Yesterday morning was a challenge, too. I couldn't find anything to wear, so I decided to sew up the holes in the shirt I couldn't wear Tuesday. Not a problem, because I have a sewing machine. The sewing machine's not set up in the new house, though. It's been sitting in the spare bedroom on the floor. I only have one table and it was far away. In another room. At least 15 feet from where I was standing. So, I decided to sew on the floor. Sewing on the floor is really hard. It seems like it will be okay, even though it takes a little contortionism to get the machine threaded. It seems like using your hand to control the treadle will be fine. But then you discover it's impossible to work a treadle, push down a reverse lever, and guide a piece of fabric at the same time.

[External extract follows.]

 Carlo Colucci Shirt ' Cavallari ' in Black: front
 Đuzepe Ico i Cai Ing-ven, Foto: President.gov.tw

It's kind of a miracle that I've lived this long without setting myself on fire.
26 September 2007
Life Imitates Art
Yesterday I was at my sister’s house when Marmot Dad came home. He walked through the door and, very pleased with himself, tossed a bag to my sister. He had purchased himself some pants at D.I.
Marmot Dad: Here. Look at these. I got some great pants.
Sister (looking at pants): Did you try these on?
Marmot Dad: Yeah, they’re great.
Sister: Well, don’t take the tags off. I don’t think these pants are quite right.
MBC: What’s wrong with them?
Sister: I think these are women’s pants.
A visual inspection confirms that Marmot Dad has purchased some size 18 St. John’s Bay khaki pants.
MBC (also inspecting pants): These ARE women’s pants!
Marmot Dad: They were in the MEN’S section!
Sister: They came from DI. People with limited skill sets sort those clothes. Didn’t you think it was odd that the tag says size 18? Men’s pants don’t come in sizes like that.
Marmot Dad: Well, I noticed, but I thought they must have used European sizes. (With uplifted chin.) I thought maybe these pants came from the Continent.
Marmot Dad tries the pants on.
Marmot Dad: They look alright, don’t they? You can’t tell that they’re women’s pants.
Sister: I don’t know. You look a little more (pause) shapely in the rear than usual.